The wear and attrition of dental amalgams through chewing and brushing has been reported to release small amounts of elemental Hg in the form of vapor that is subsequently breathed into the lungs of the individual possessing the filling(s) (Ucar and Brantley, 2011). Elemental Hg vapor can also be released from dental amalgam during the steps of placement of the filling. It has also been reported that Hg vapor can be released from fillings in the consumption of hot beverages (Patterson et al., 1985). However, most of the literature regarding the release of mercury vapor from dental amalgam in situ reports a negligible mercury exposure to those who possess such dental fillings. Mackert and Berglund (1997) report the amount of mercury vapor released from dental amalgams as significantly lower than the standard level which produces the least effects in the most susceptible individual established by the WHO of 30ug/g of creatinine in urine. According to their assessment, it would take 450 to 530 surfaces of teeth restored with amalgam to reach that established threshold. It is interesting to note that there are only 160 surfaces in which an amalgam can be placed in an adult human mouth with all 32 teeth present. The complexity of measuring actual vapor release of mercury from dental amalgams was addressed in this study. However, direct measurement of Hg vapor can produce an overestimating effect of exposure if flow rate and collection volume of inhaled and exhaled air are not considered separately.

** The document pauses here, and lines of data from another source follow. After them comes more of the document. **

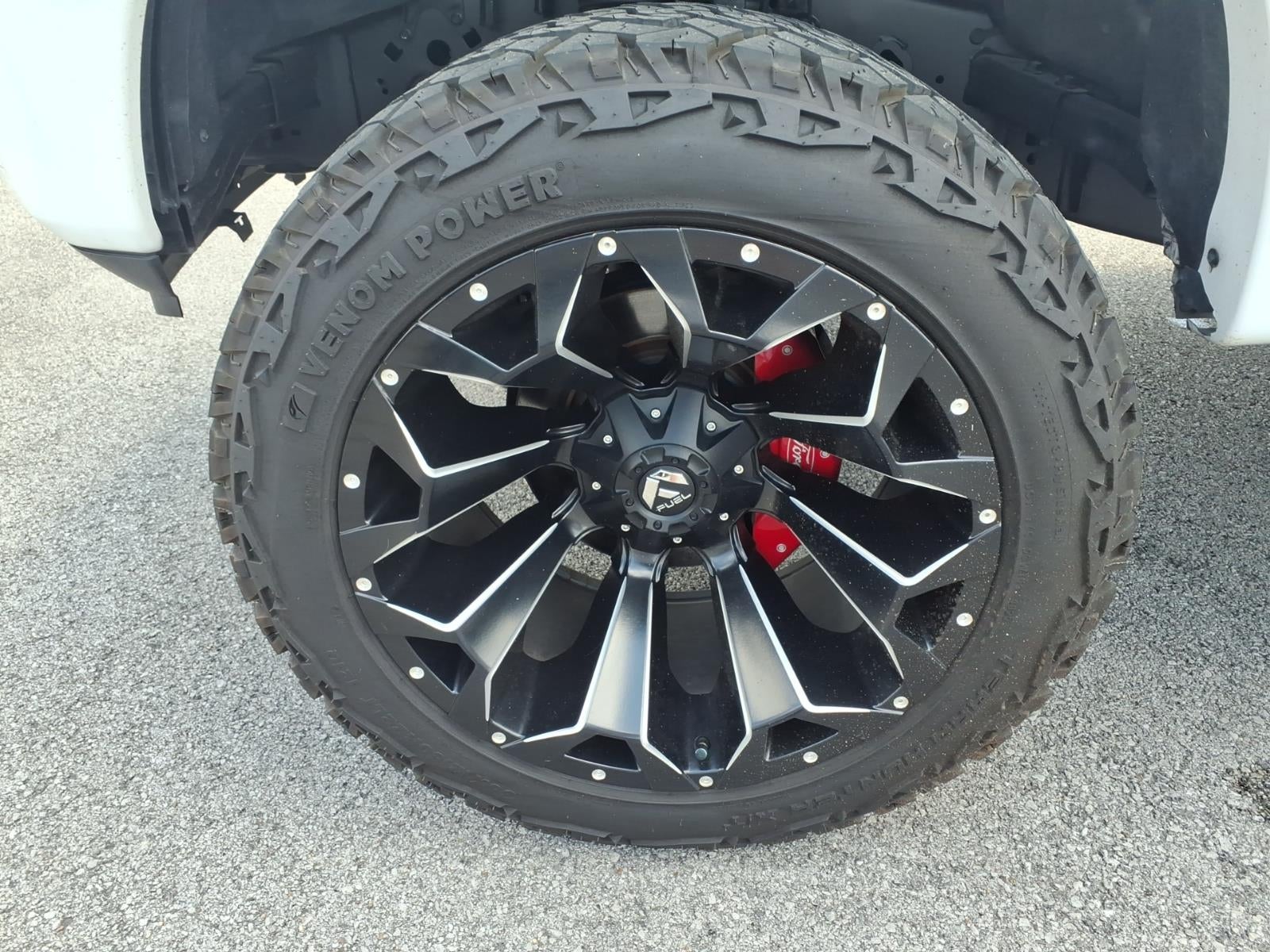 2019 Ford F-150 OFF DLX CUSTOM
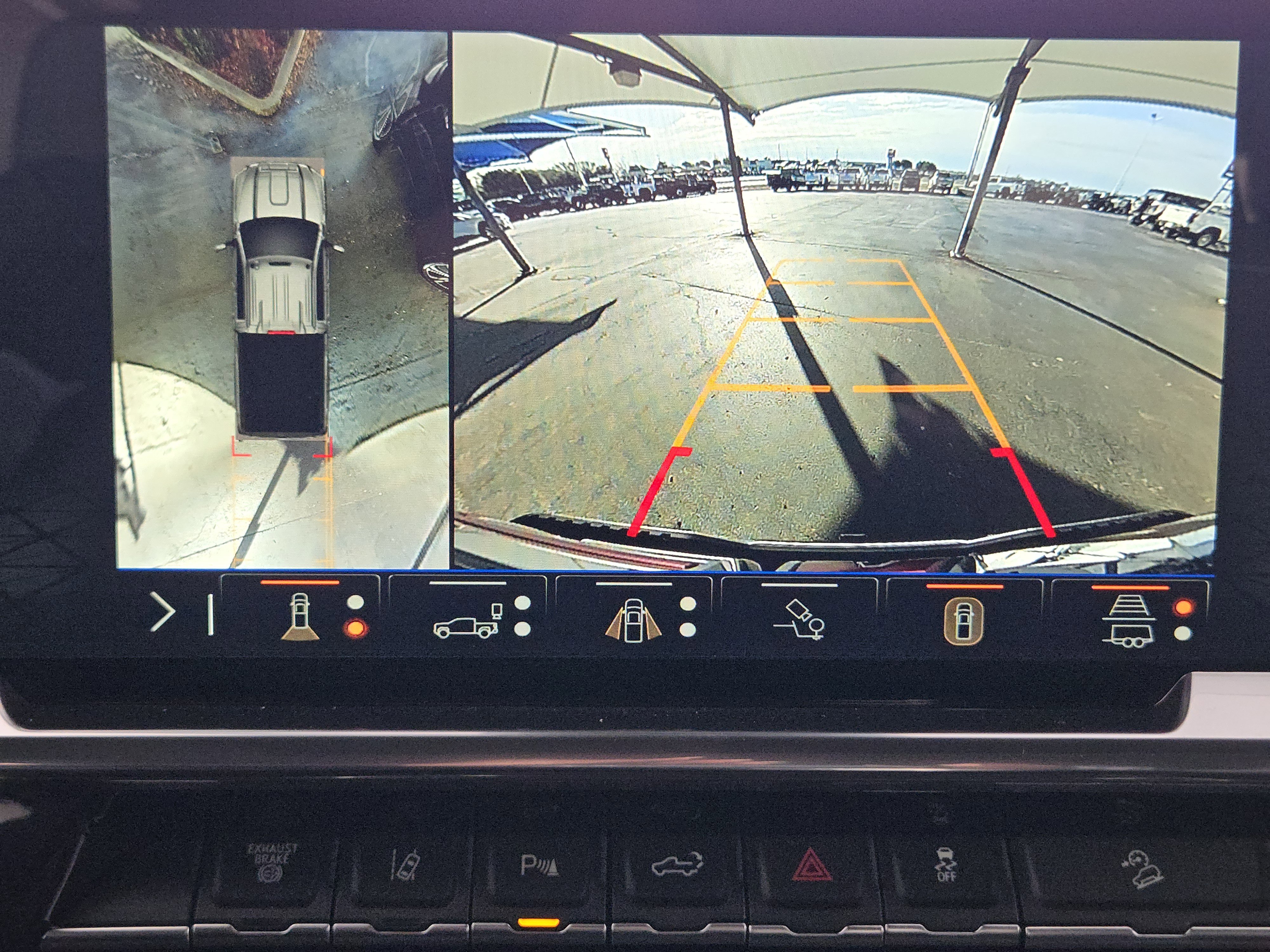 New 2026 GMC Sierra 2500 SLT w/ Texas SLT Premium Package image 14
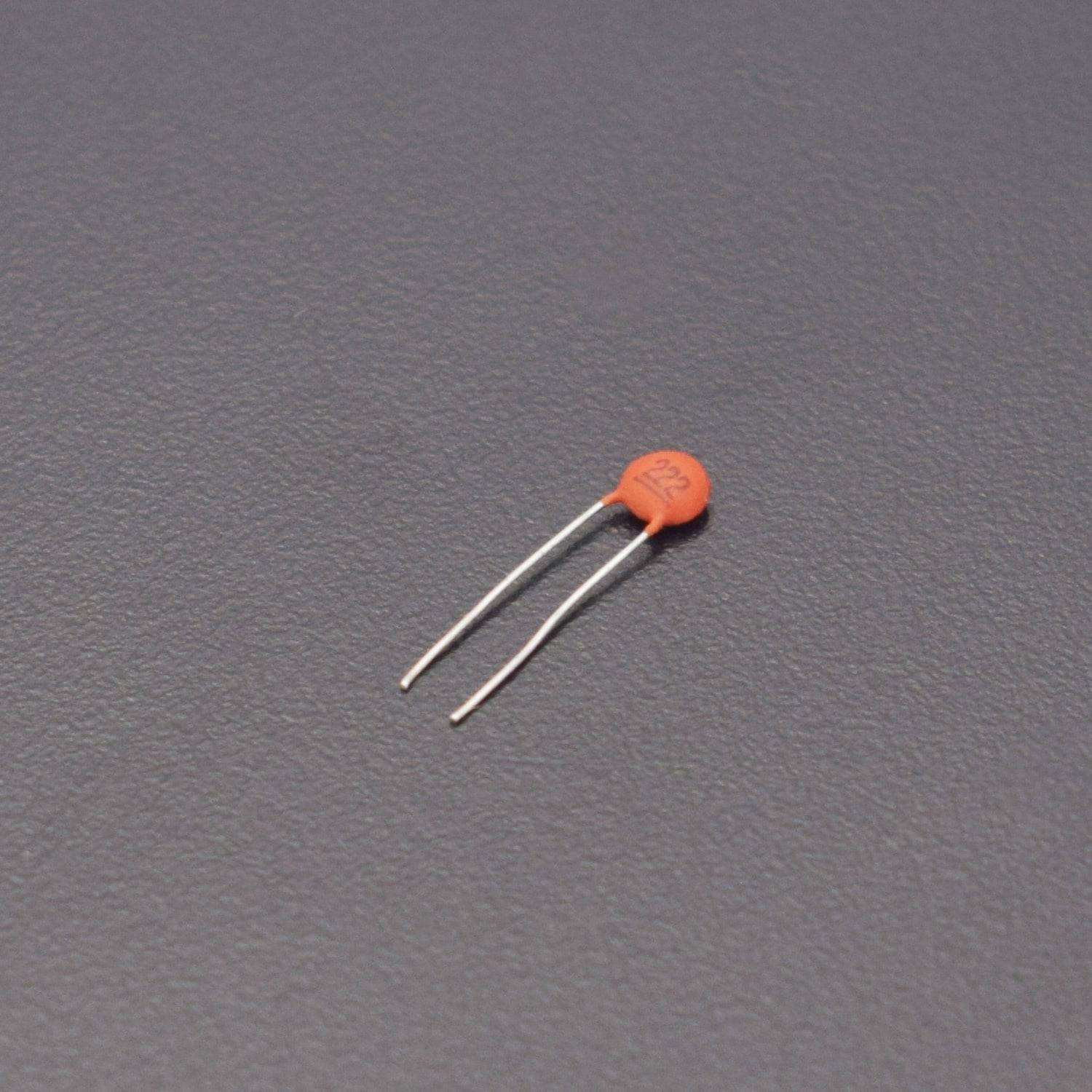 222 PF CERAMIC CAPACITOR(Pack of 100pcs)  - RS819 - REES52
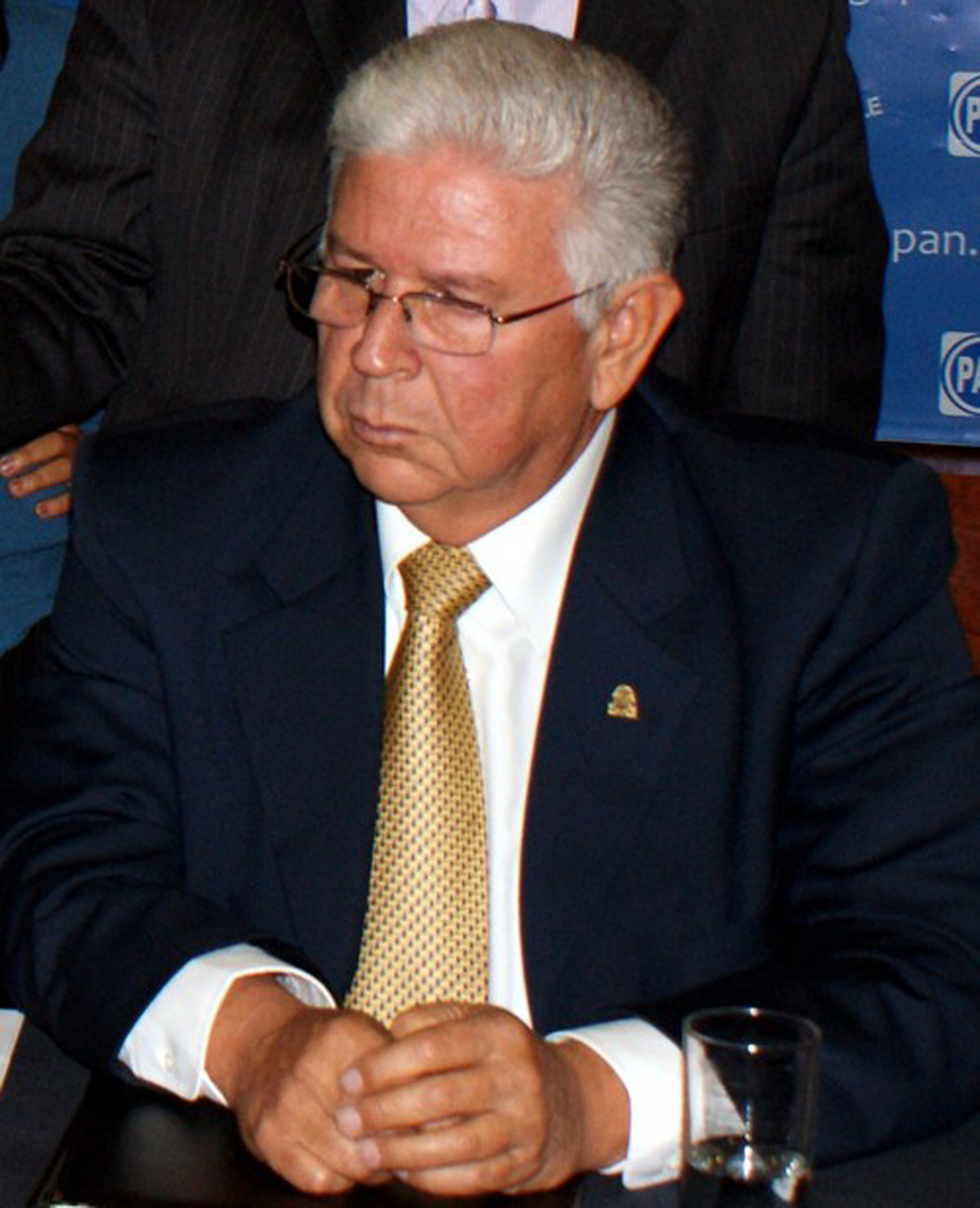 JULIO CASTAÑEDA, Integrante de la Comisión Permanente. (EL SIGLO DE TORREÓN)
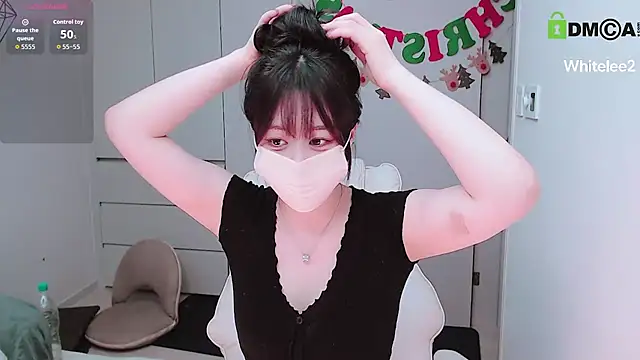 whitelee2 online show from January 18, 1:25 pm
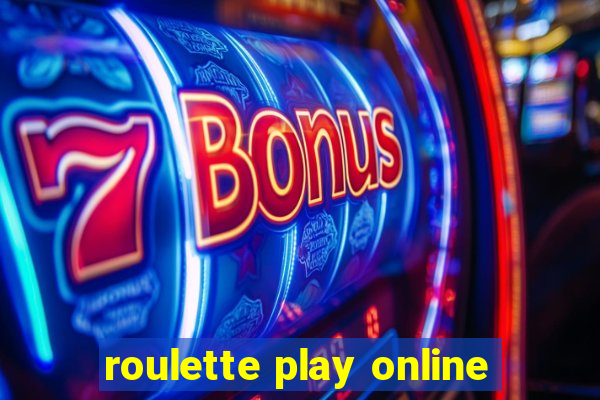 roulette play online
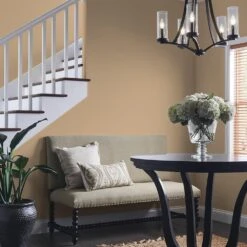 ColorPlace ULTRA Interior Paint & Primer, Warm Caramel, Semi-Gloss, 1 Gallon -Valspa Bathroom Shop 0a5b7b8e 8faa 4de8 92e1 7131ffebd38c.60720faeab16e33b80a11668a90a7ce9 1800x1800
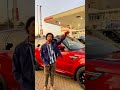 KRG THE DON THRASHING DUFLA LIVE ON IN A PETROL STATION/KRG THE DON'S BEEF WITH DUFLA DILIGON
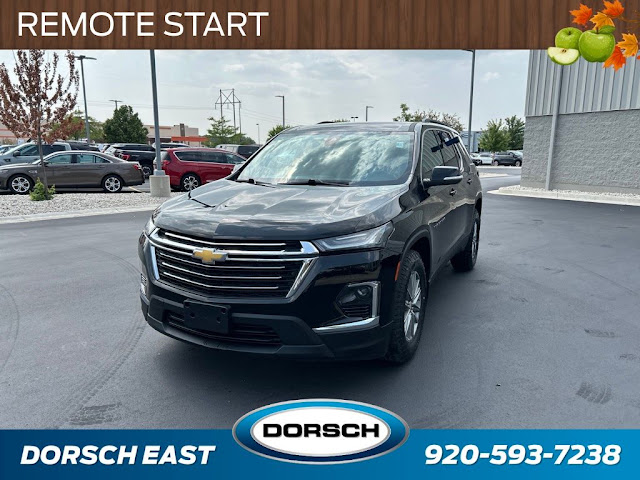 2023 Chevrolet Traverse LT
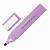 Текстовыделитель ЮНЛАНДИЯ "COLORSTAR PASTEL", ЛАВАНДОВЫЙ, линия 1-4 мм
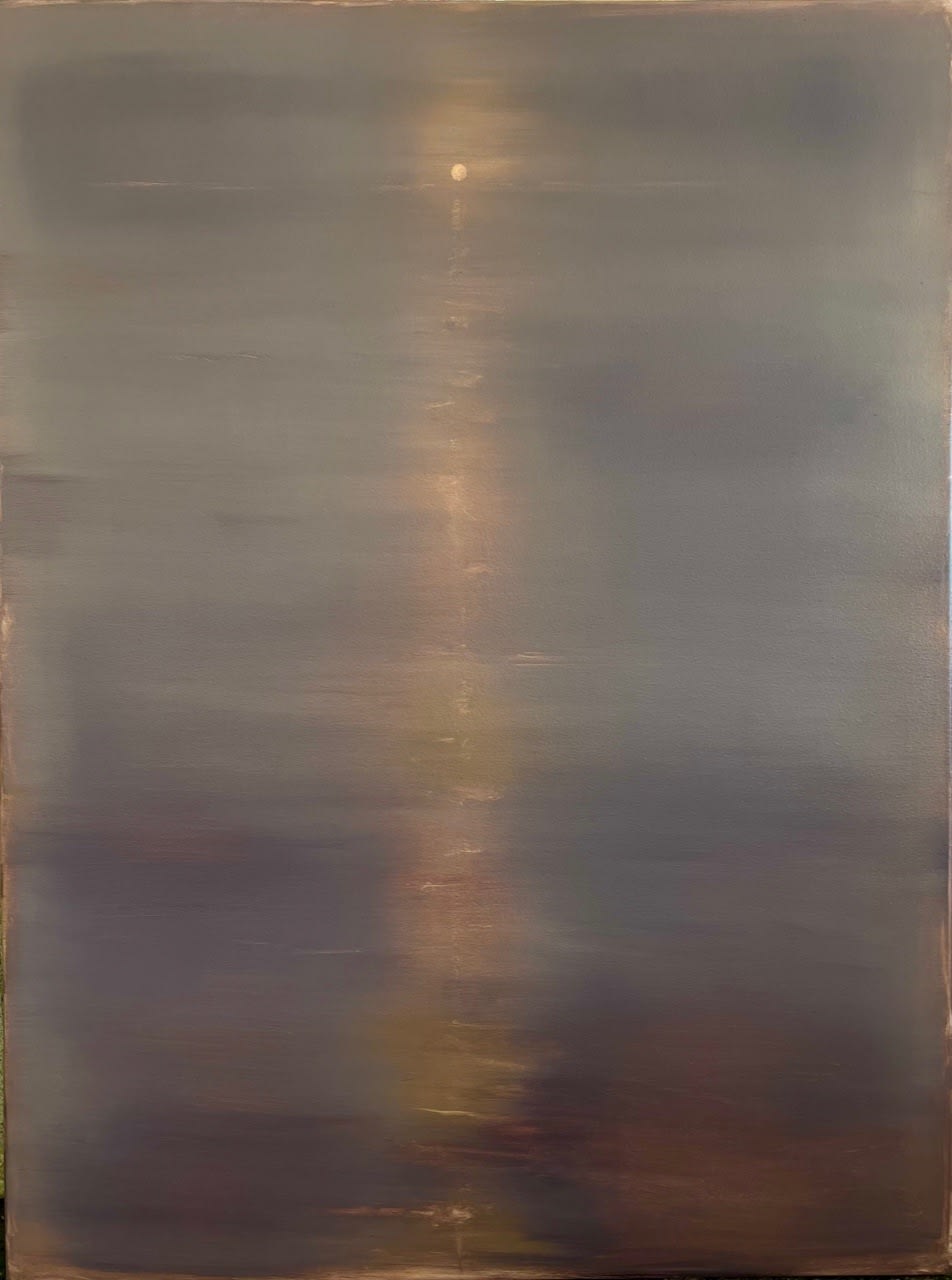 Mark Acetelli, Reflections, 2024
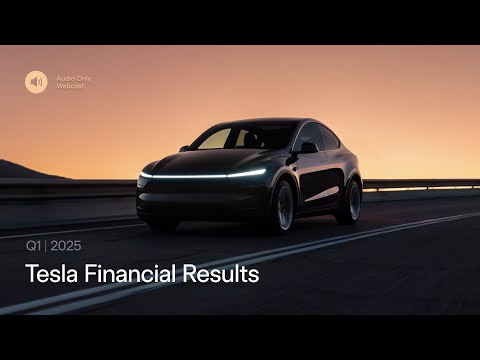 Navigating the Road Ahead: Tesla Q1 2025 Earnings and Future Outlook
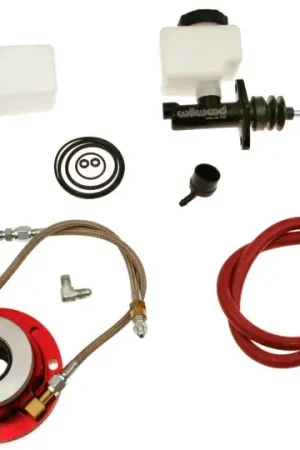 Must Have McLeod Racing McLeod Hydraulic T.O. Bearing W/Mc 1-3/8X10 Ford Top Loader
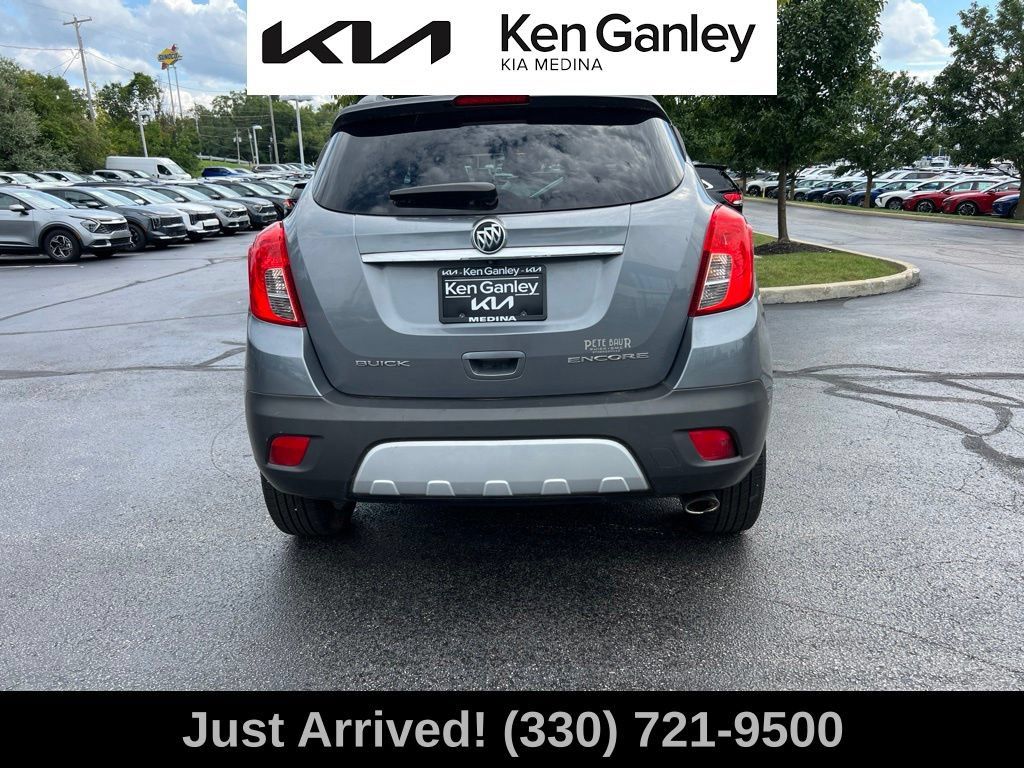 Used 2014 Buick Encore Leather FWD image 6
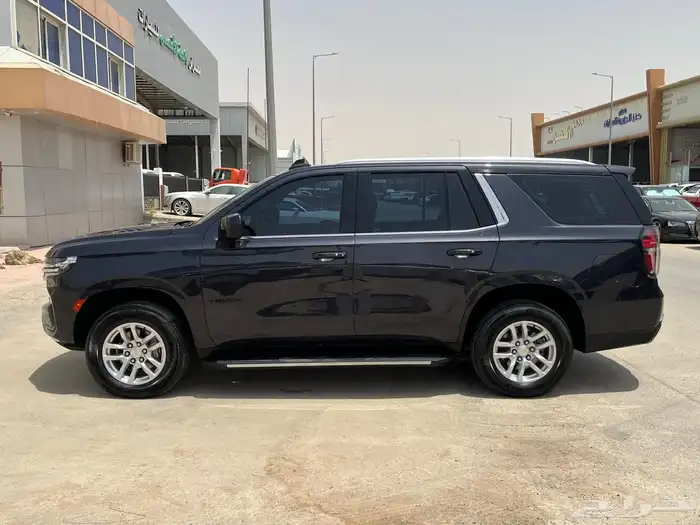 تاهو 2022 سعودي قصير بدون دبل 4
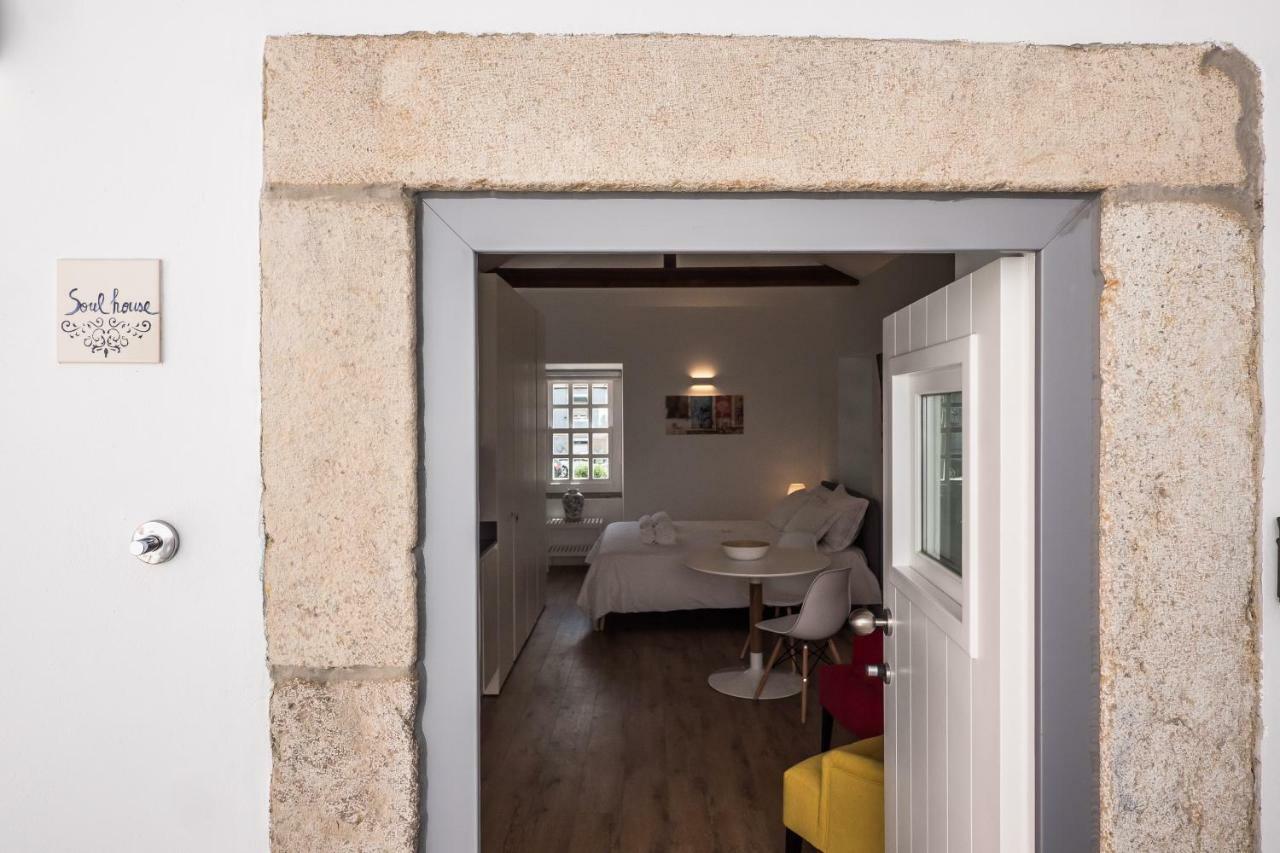 Soul House - Exclusive Apartment Lisbon Bagian luar foto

Levels of Hg can also be influenced by recent consumption of seafood, environmental exposure, aggressive chewing or bruxism, and longevity of the amalgams. Thus, true Hg levels from dental amalgam can be difficult to determine. Vapor of Hg inhaled from any source is absorbed into the lungs at a rate of 80 percent (Richarson et al., 2011). Absorption of ingested mercury occurs at 7 to 10 percent and absorption through skin contact with mercury occurs at only a 1 percent rate (Bernhoft, 2012). The high solubility of Hg vapor allows it to cross into the alveolar membranes and subsequently enters the blood stream of the individual exposed (Xibiao et al., 2008). As the Hg enters the erythrocytes, it binds with a sulfhydryl group which allows the Hg to be circulated throughout the tissues. When mercury enters the cells, it is oxidized by a catalase and becomes one of the various forms of inorganic Hg (Crowe et al., 2017). Other potential exposure routes of human beings to mercury reported from dental amalgam in its less soluble inorganic form have be identified as a corrosion product that can be released from the normal wear of dental amalgams (Patterson et al., 1985; Ucar and Brantley, 2011). It has been noted, however, that some of the mercury released from dental amalgam reacts with unreacted particles in the alloy mix resulting in a very little amount of Hg that escapes into the oral environment. Thus, it appears that elemental mercury exposure can occur in the actual placement of the filling material prior to the final set rather than upon the mere existence of a dental amalgam. Ingestion of small particles of amalgam can also take place as well and absorption of the Hg can also occur when the soft tissue comes into contact with the amalgam. A major route of elimination of absorbed Hg is through the urine and feces. It is estimated that approximately 40 percent of the absorbed Hg is eliminated via this route within 30 days of a vapor exposure (Ucar and Brantley, 2011).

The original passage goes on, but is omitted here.